心地よい/不快、好き/嫌い、といった、心を動かして感じとることができなくなっていた。ちょうど、鼻炎になって鼻が詰まって何も匂いが分からなくなるような感じだったのだが、鼻は詰まるとすぐ分かるのに、心が動かなくなったことには本当に気が付かなかった。ご飯の味がしなくなって、朝起きられなくなって、体も動かなくなって、ベッドに横たわって壁紙のデザインの線を数えていて、気がついた。あれ、私おかしいわ。と。
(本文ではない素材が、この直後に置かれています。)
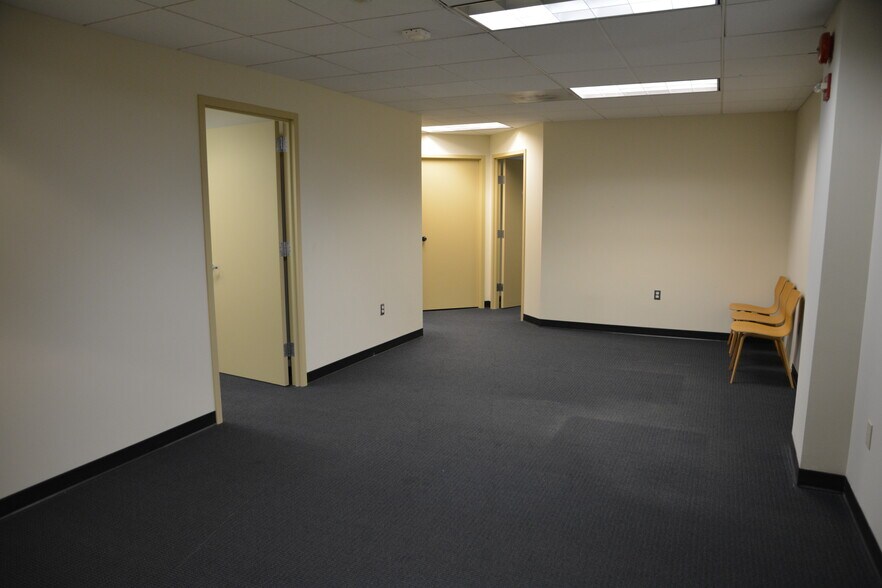 More Photos Of 438 N Frederick Ave, Gaithersburg Medical For Sale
今こうやって文章にして改めて、いかに自分がおかしくなっていたか、なんで気づかなかったんだ、と思う。でも当時は、自分の能力がないせいで、自分が上司や社会に適応できてないことが悪いからだ、と本気で思っていた。そこから、周りの助けやアドバイスのおかげで、そこから少しづつ抜け出すことができて、自分でも心を動かす練習をしようと決めたのが始まりだ。もし再び心が動きづらくなった時の備えとして、そして、「もとの自分に戻りたい」という気持ちから始めたチャレンジだけれど、2年経った今だから思うが、「もとの自分に戻る」というより、確実に私は変わっていっている。その証拠が、今回の内容、「The Alfeeが好き」という気持ちだ。

私は、生まれてまだ30年経っていない。
音楽の先生をしている父の影響もあってか、この世に生まれて9年目にして人生で最初にハマったアーティスト(?)は、モーツァルトだった。親に初めて買ってもらった音楽のCDは、モーツァルト全集6枚組。よく行くスーパーの入り口でワゴンセールをしていた中から、ひときわ厚みあって存在感を放っていたケースを手に取り、親にお願いしたのを覚えている。隣で演歌コーナーを漁っていた見知らぬおっちゃんに、
「お嬢ちゃん、クラシックなんか聴くん?!えらい渋いなあ!頭ええ子になるんちゃうか〜!」
と言われ、父がハッハッハと気をよくして、そのまま買ってもらえたのだ。
おっちゃん、ナイスアシスト。頭ええ子に育ったかどうかは定かではないが。

そのまま中学校では吹奏楽部に入り、先輩たちや同級生が文化祭やイベントで演奏したがっていたJ-POPには無頓着なティーンエイジャー期に突入。嵐のメドレーを演奏するのに、嵐の曲を一曲も知らなかった私に、50歳を超えたダンディな顧問に嵐のアルバム貸してやろうか?と言われるほどだった。高校受験が見えてくると、英語ってかっこいいぞという安直な気持ちを足がかりに、洋楽しか一切聞かないクソませJKに成り上がった。そこから10年近く、私の中で音楽は基本日本語以外の言語で歌われている曲か、クラシックの二択だった。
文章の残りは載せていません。